The Crimes of Gavin Elster

0121Is this the face of a killer?

In VERTIGO, shipping magnate Gavin Elster (Tom Helmore, who had played a minor functionary in SECRET AGENT), perhaps the only movie villain to be called Gavin, carries out a fiendish plan to murder his wife by throwing her from a church tower. In order to make it look like suicide, he has an impersonator (Kim Novak) play the part of his wife, and hires a detective (James Stewart) to follow her around, counting on the man’s fear of heights to prevent him from pursuing her to the top of the tower.

(Speaking to the BBC, screenwriter Samuel Taylor not only couldn’t summarise the story accurately himself, he was reduced to a fit of giggles just thinking of it.)

The plan is brilliant in its simplicity. Nothing left to chance. And it would have worked, too, if the detective had not fallen in love with the impersonator, then met her again after the scheme had been carried out, failed to recognise her as the same woman, but noted her resemblance and tried to make her over, before figuring it out and chasing her to her death up the same clock tower…

I wondered if this ingenious bit of homicide was Elster’s first offence. It seemed unlikely. Surely he must have honed his skills on other nefarious plots. I assigned Shadowplay’s own international man of mystery, Guy Van Stratton, to investigate Elster’s shady past and compile a confidential report detailing any other criminal conspiracies in which Elster had a hand…

1914. The young Elster makes his first foray into illegality, while still a mere schoolboy. Determined to pass a maths test, he hires an impersonator to take the place of the boy sitting next to him. As the teacher watches, another boy, bribed by Elster, copies the answers from the impersonator, who is actually a midget mathematician of celebrated intellect. While the teacher is apprehending the copycat, the impersonator throws himself from the window, into a waiting haywagon, which is whisked from view before anyone knows what has happened. Taking advantage of the confusion, Elster swaps his answers with those of the copycat.

Result: Elster and the copycat are caught and expelled, the midget fractures his collarbone.

1926. A crime of opportunity. Elster spots a Bentley limousine with the keys left in the dash. Spontaneously hiring a passerby to impersonate a chauffeur, Elster has himself driven to a shady car dealership, where he trades it for a station wagon. Then, disguising himself as the chauffeur, he steals the limousine back and abandons it in a No Parking zone where it will get towed. Selling his station wagon, Elster buys a beat-up old Bentley and has it repainted to look like the stolen one. Breaking into the pound, he exchanges the run-down limo for the new one, swapping license plates. Elster will now be the legal owner of the car he stole.

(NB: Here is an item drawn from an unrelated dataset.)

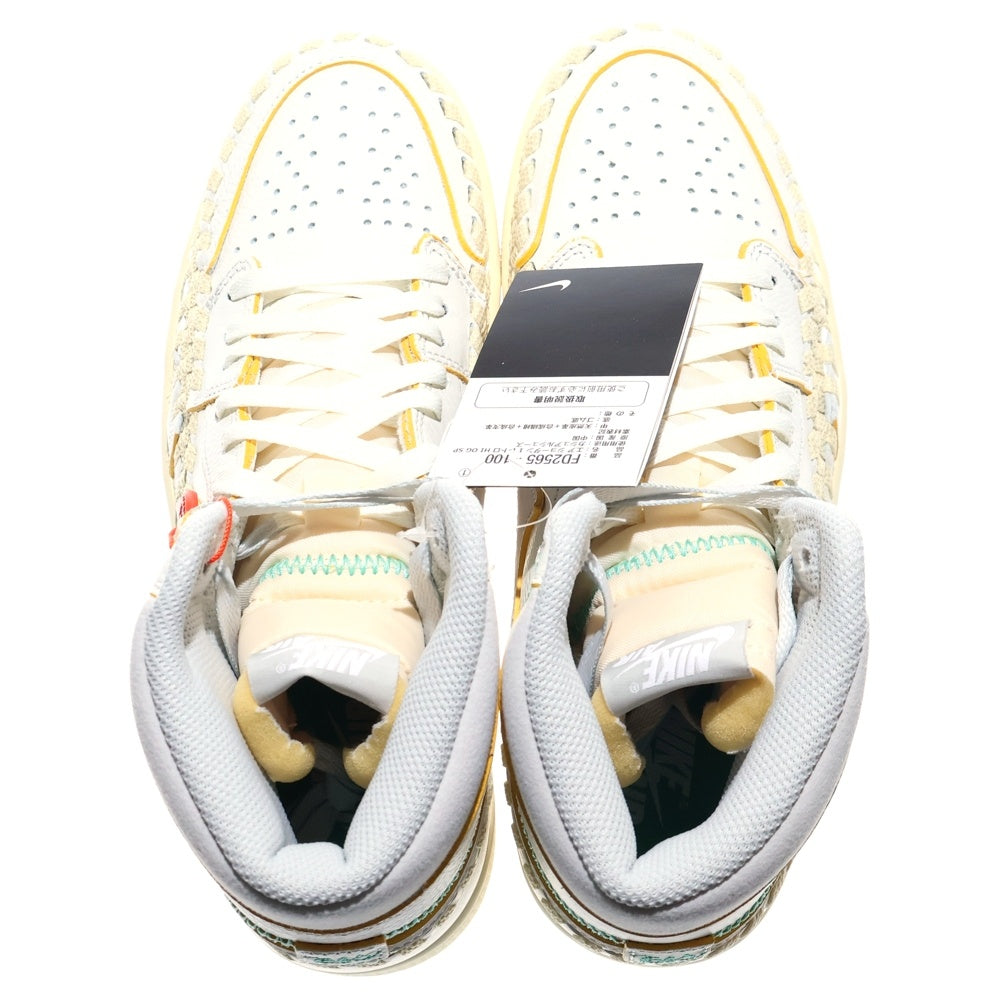 NIKE(ナイキ) ×UNION LA×BEPHIES BEAUTY SUPPLY AIR JORDAN 1 FD2565-100 ユニオン ビフィーズ ビューティ サプライ エアジョーダン 1 ハイカットスニーカー US9.5/27.5cm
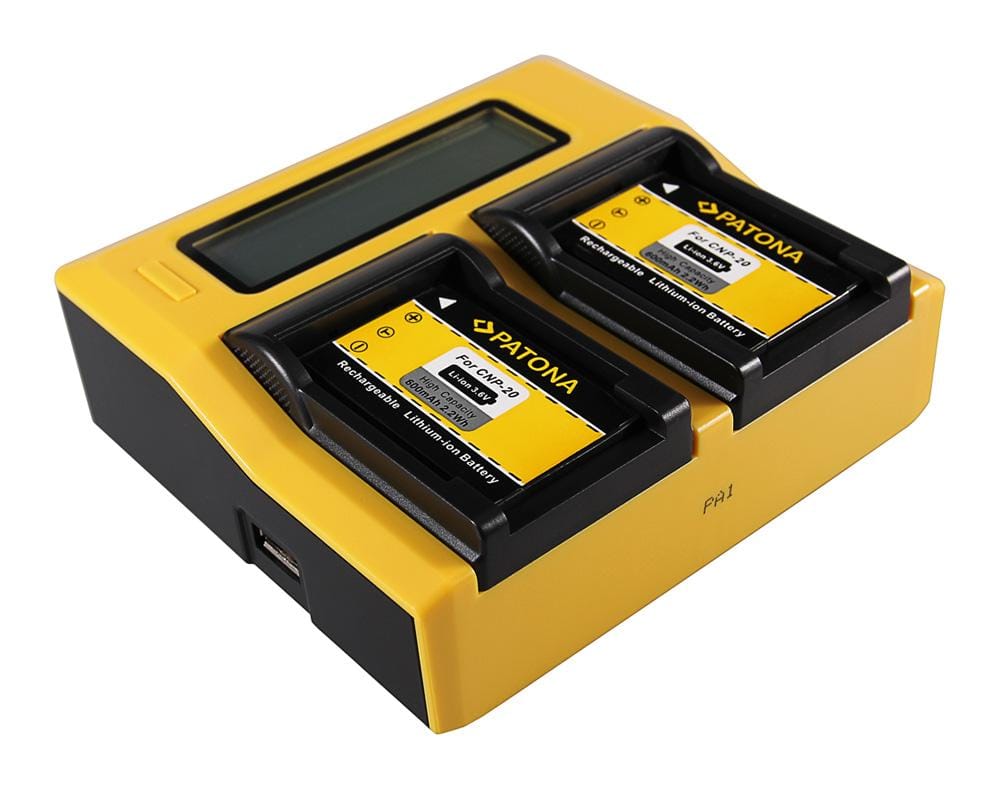 PATONA Cargador USB Dual con LCD para baterías Casio NP-20 Exilim EXM1 EXM2 EXM20 EXS1 PATONA Cargador USB Dual con LCD para baterías Casio NP-20 Exilim EXM1 EXM2 EXM20 EXS1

Result: Elster is mauled by a guard dog and arrested for grand theft auto.

1930. Elster robs a bank with a big gun.

Result: Elster escapes with $50,000.

1931. Refining his previous plan, Elster robs the same bank with a trio of trained attack dogs and a canister of poison gas. Taking hostages, he deliberately sets off the silent alarm and announces by telephone that he has smuggled heroin into the country so that the FBI are called in. Disguising himself as a hostage, he hits himself with a hammer to induce amnesia so he can pass a lie detector test, after feeding a package of priceless industrial diamonds to one of his dogs. Then he blows up the bank and escapes disguised as a dog.

Result: Elster spends a year in a coma, in the dog pound.

1939. Traveling to Europe, Elster tries to enlist as a war criminal, but is rejected by the German army due to his flat feet. He then steals the Mona Lisa from the Louvre, replacing it with a mirror. By blind chance, the next 3,0012 visitors to the Louvre all bear a striking facial resemblance to Da Vinci’s La Gioconda, so his deceit is not reported for three days, by which time he is in Belgium, under arrest on a charge of impersonating Tintin.

Result: the painting is recovered. Hergé sues.

1942. Elster is released from jail as part of twelve-strong task force of hardened criminals, sent on a suicide mission behind enemy lines. Learning that suicide is against the law, Elster attempts it repeatedly, before the dozen can even arrive at their destination.

Result: Elster is abandoned at Charenton insane asylum, where he passes the war with amateur theatricals.

1946. Back stateside, Elster busies himself wooing America’s wealthiest shipping heiresses, intending to add bigamy to his extensive rap sheet.

Result: Olive Strewage, Elster’s first victim, turns out to already be bigamously married, so her marriage to Elster isn’t legal. This means his marriage to Madeleine IS legal, and he has failed at bigamy.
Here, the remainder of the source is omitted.